* [GOAL OF THE EXERCISE] Once the pictures are set aside, retype the remaining entries exactly.

* [INPUT DATA]
::::::

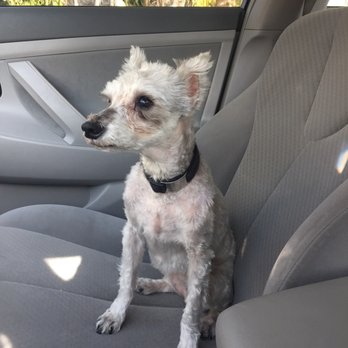 G G Grooming - Pet Groomers Near Me - Garden Grove, California
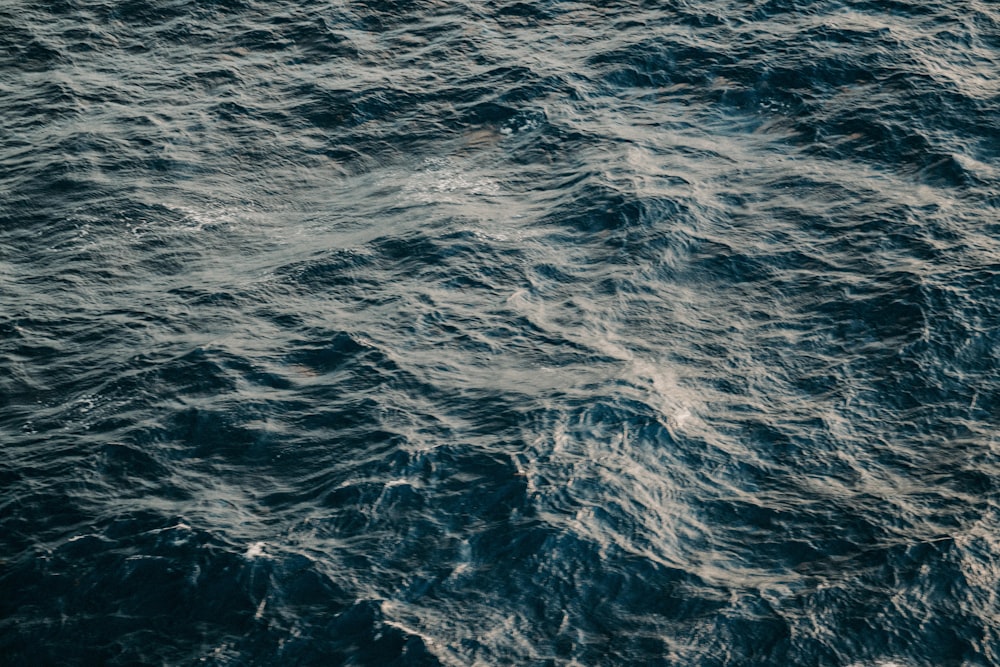 view photography of ocean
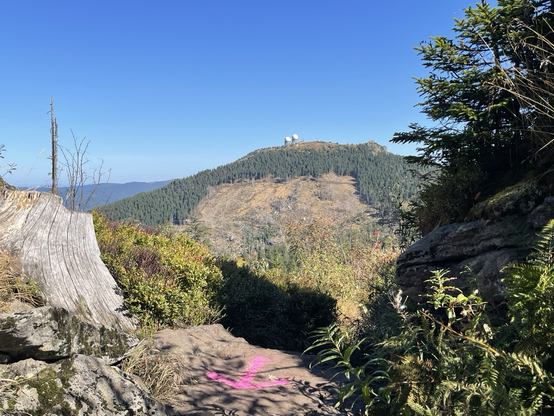 Blick vom Kleinen zum großen Arber im #woid #bayerischenwald mit dunklen Hochwald an den Arberhängen, eingesprenkelt goldene Laubbäume, Ahorn und Vogelbeere auf dieser Höhe. Der untere Hang nach Kahlschlag mit Felsrippen, Wurzelstöcken. Strahlend blau der Herbsthimmel. Farben von fast schwarzem Umbra über dunklem Blau in den Schatten über Ocker bis Grün des Waldbodens in der Sonne. das Lichtblau des Himmels bis zum Weiß der beiden Radome auf dem Arber. #nature #photography #silentsunday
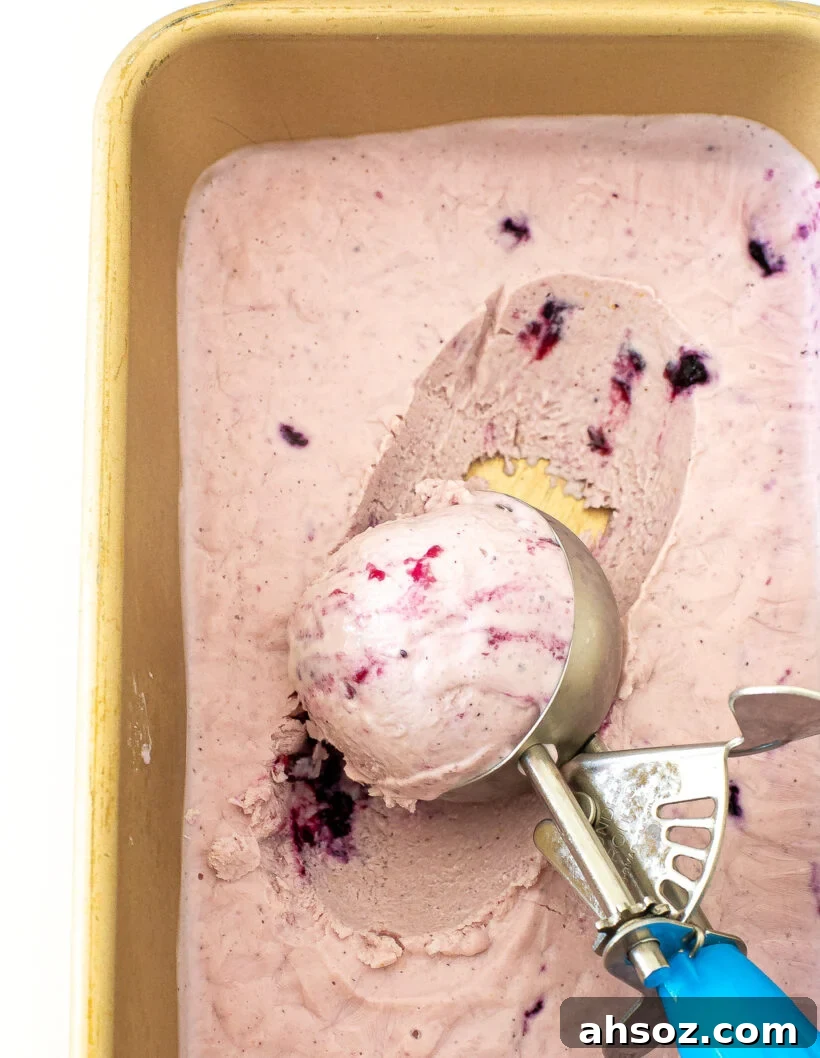 Ice cream scoop lifting blueberry cottage cheese ice cream from a gold loaf pan.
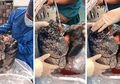 Begini Penampakan Paru-Paru Manusia Setelah Merorok 30 Tahun Lebih!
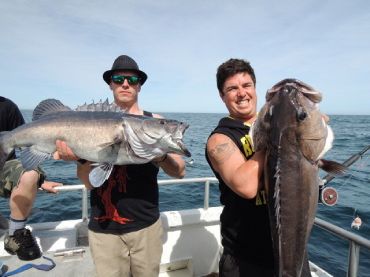 Kaikoura Fishing Tours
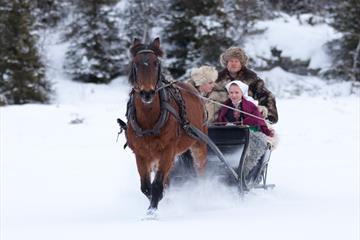 Kanefart med Fjellrittet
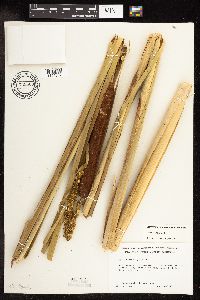 Typha x glauca image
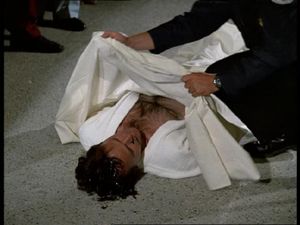 The Body Politic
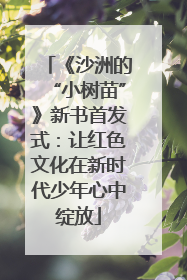 《沙洲的“小树苗”》新书首发式：让红色文化在新时代少年心中绽放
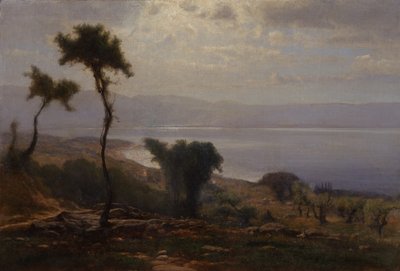 مناظر طبيعية ، 1871 بواسطة George Snr. Inness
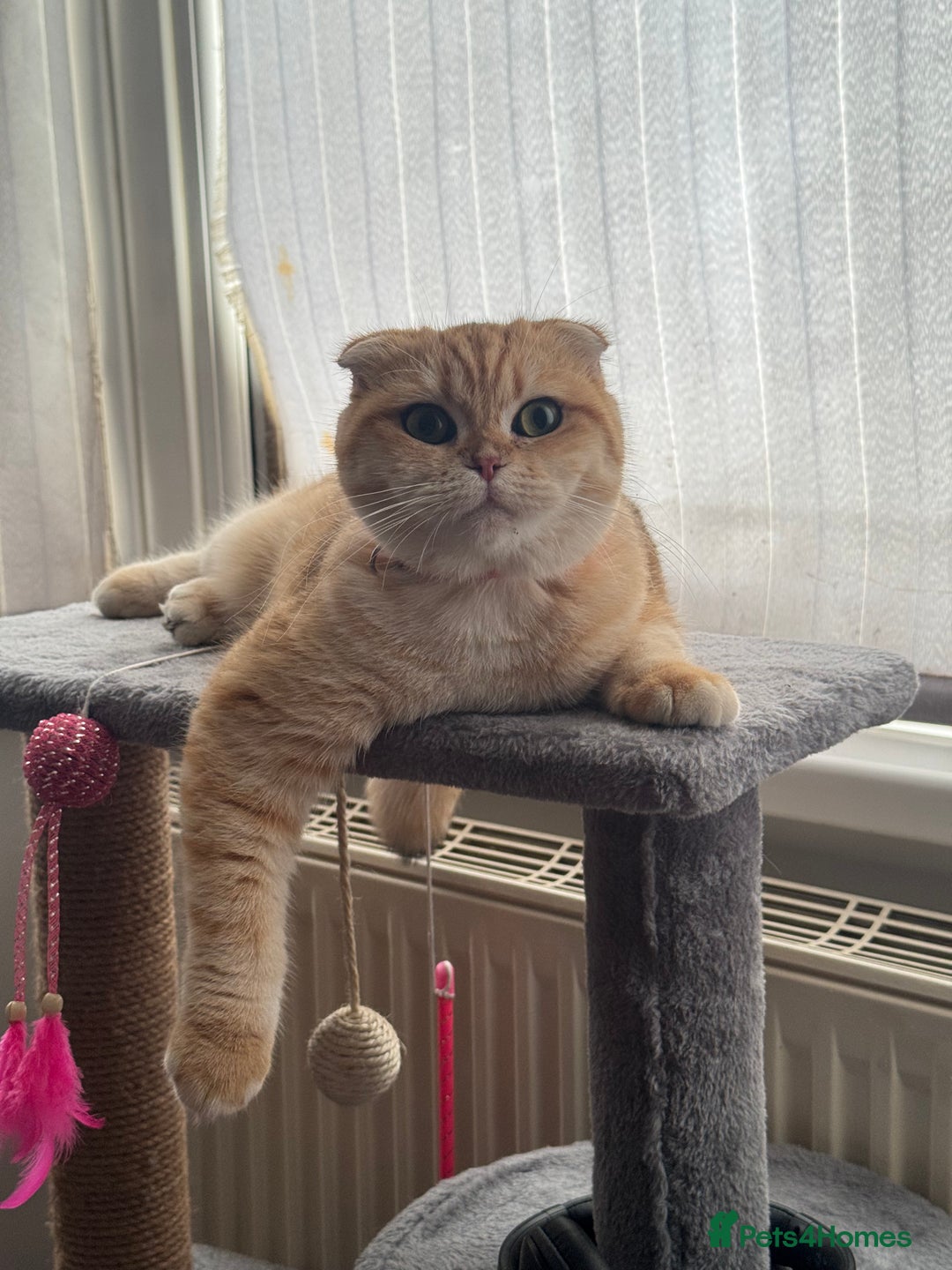Scottish Fold cats for sale: Scottish fold cat - Image 2
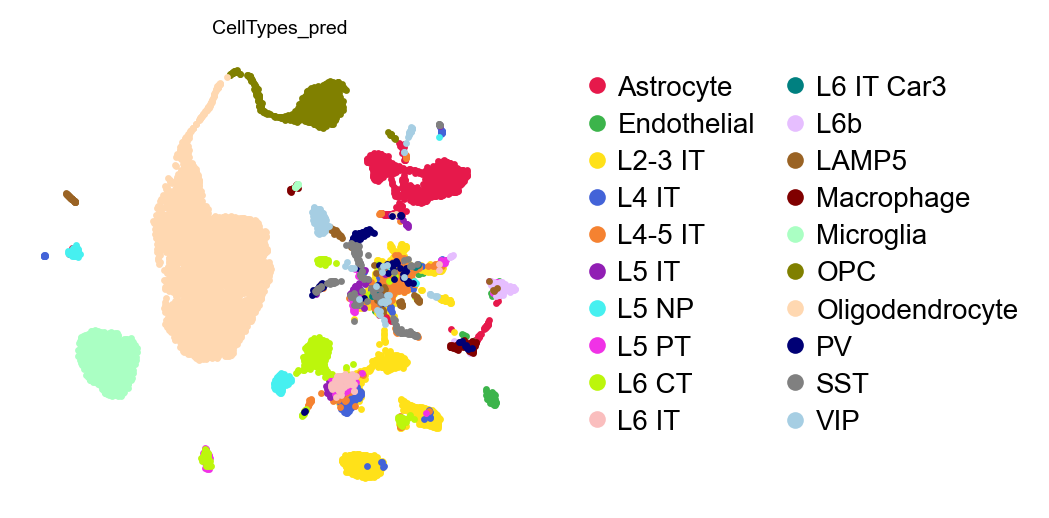 UMAP coloured by predicted cell type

::::::

* [SOLUTION TO THE EXERCISE]
 G G Grooming - Pet Groomers Near Me - Garden Grove, California
 view photography of ocean
 Blick vom Kleinen zum großen Arber im #woid #bayerischenwald mit dunklen Hochwald an den Arberhängen, eingesprenkelt goldene Laubbäume, Ahorn und Vogelbeere auf dieser Höhe. Der untere Hang nach Kahlschlag mit Felsrippen, Wurzelstöcken. Strahlend blau der Herbsthimmel. Farben von fast schwarzem Umbra über dunklem Blau in den Schatten über Ocker bis Grün des Waldbodens in der Sonne. das Lichtblau des Himmels bis zum Weiß der beiden Radome auf dem Arber. #nature #photography #silentsunday
 Ice cream scoop lifting blueberry cottage cheese ice cream from a gold loaf pan.
 Begini Penampakan Paru-Paru Manusia Setelah Merorok 30 Tahun Lebih!
 Kaikoura Fishing Tours
 Kanefart med Fjellrittet
 Typha x glauca image
 The Body Politic
 《沙洲的“小树苗”》新书首发式：让红色文化在新时代少年心中绽放
 مناظر طبيعية ، 1871 بواسطة George Snr. Inness
Scottish Fold cats for sale: Scottish fold cat - Image 2
 UMAP coloured by predicted cell type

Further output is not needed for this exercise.